Penyakit ini perlu mendapat perhatian karena apabila hewan-hewan terinfeksi ini mengalami stres, maka penyakit yang bersifat laten tersebut dapat berubah menjadi akut dan bisa berakibat fatal (kematian). Disamping itu, pada penyakit yang bersifat menahun, walaupun gejalanya tidak begitu serius, hewan yang bersangkutan akan mengalami penurunan berat badan, gangguan pertumbuhan, penurunan produksi daging dan produksi kerja (Siswansyah 1990).

Faktor lingkungan yaitu iklim, kelembaban dan adanya populasi vektor theileriosis di negara kita dapat menjadi pemicu berkembangnya parasit darah ini. Dalam hal ini pencegahan yang diperlukan adalah perlakuan untuk mengurangi vektor dengan dipping, sanitasi kandang, sanitasi hewan dan manajemen pemeliharaan yang baik atau diberikan imunitas melalui vaksinasi.

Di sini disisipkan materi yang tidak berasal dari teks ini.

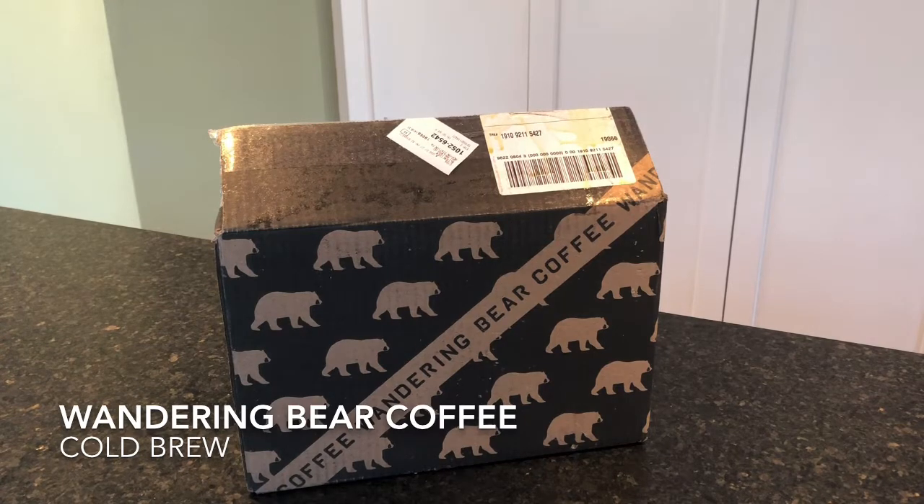If you don't know anything about Wandering Bear Coffee, they deliver extra strong coffee — they promise two times the caffeine, which we'll dig into in our review. Two times the strong, very smooth, organic coffee. They deliver it directly to your door and they are the first company to make cold brew in a box, which is awesome.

Pencegahan berkembangnya penyakit ini diperlukan pula usaha-usaha yang penting dilakukan oleh negara-negara pengimpor sapi yaitu dengan mengurangi stres. Tindakan yang diperlukan untuk mengurangi stres pada sapi yang diimpor adalah memilih waktu importasi yang tepat, penanganan sapi yang baik saat pembongkaran, meningkatkan pengetahuan ataupun pengalaman dalam pengenalan penyakit, seleksi hewan dan lain sebagainya (Callow 1980).